How can I list only non-empty files using ls?

Question

How can I list (using ls) all files that are not empty (size > 0) using linux?

Answer 1

I'd use find dirname -not -empty -ls, assuming GNU find.

Answer 2

This is a job for find ls is not powerful enough.

find -maxdepth 1 -size +0 -print

-maxdepth 1 - this tells find to search the current dir only, remove to look in all sub dirs or change the number to go down 2, 3 or more levels.

-size +0 this tells find to look for files with size larger than 0 bytes. 0 can be changed to any size you would want.

-print tells find to print out the full path to the file it finds

Edit:
Late addition: You should probably also add the -type f switch above.
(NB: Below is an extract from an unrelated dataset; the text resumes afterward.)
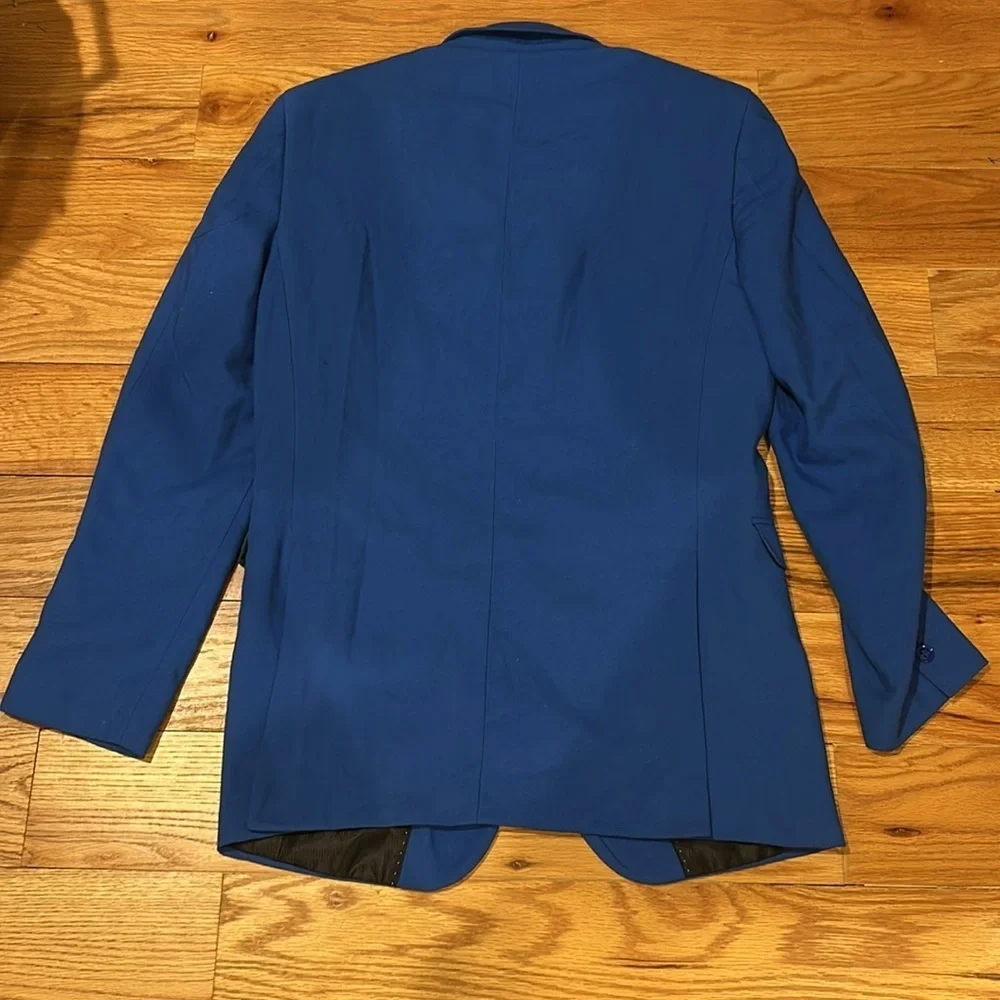 Royal Blue Slim-Fit Sport Coat with Notched Lapel
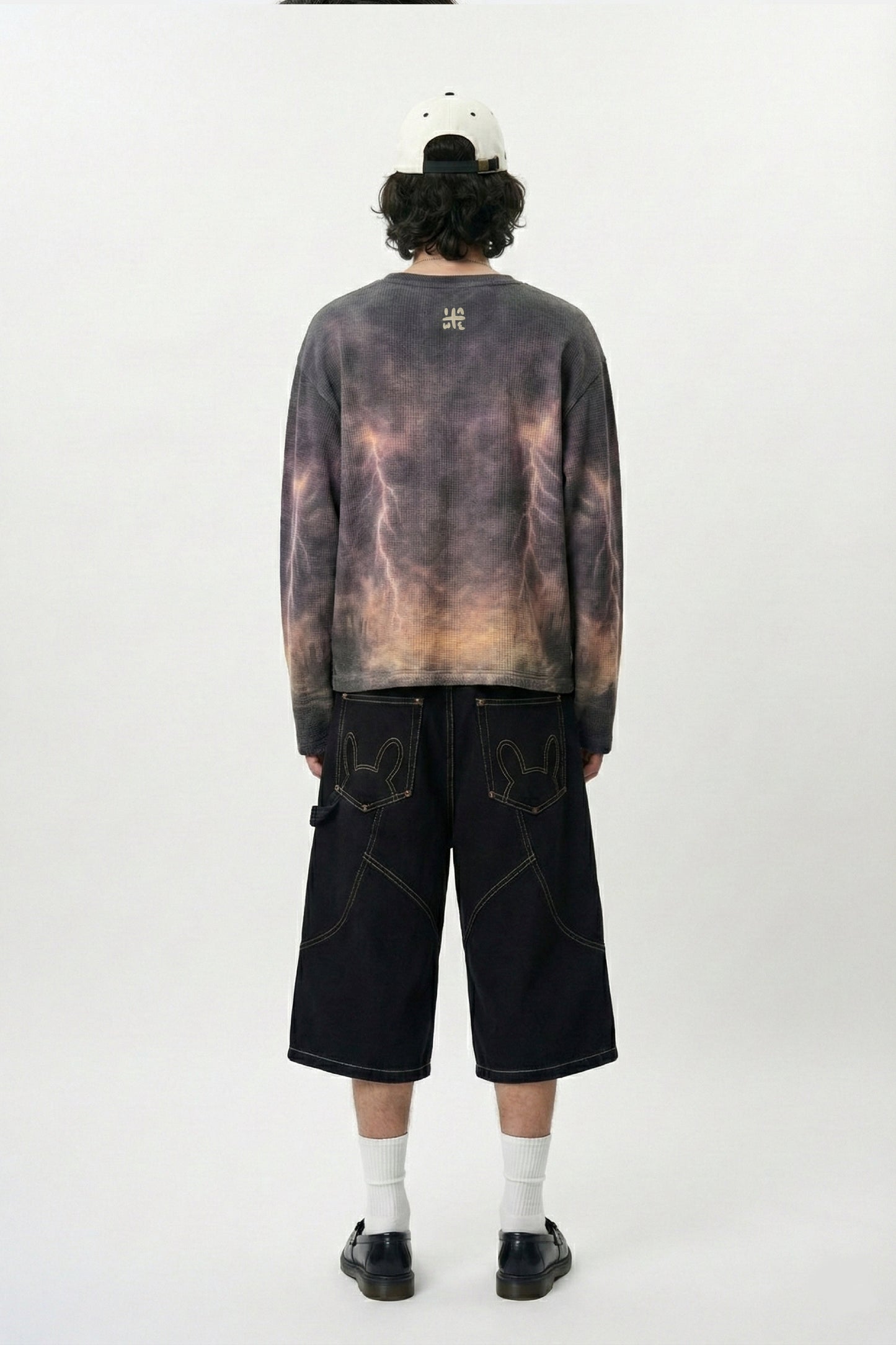Stormbound Lilac Full Sleeve Waffle Tee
This tells find to only find files. And as noted in comments below, the -print switch is not really needed.

Answer 3

ls -l | awk '{if ($5 != 0) print $9}'

If you are intent on using ls, you need a little help from awk.

Answer 4

find dirname -type f ! -empty

Answer 5

Ls has almost no option to filter files: that's not its job. Filtering files is the job of the shell for simple cases (through globbing) and the job of find for complex cases.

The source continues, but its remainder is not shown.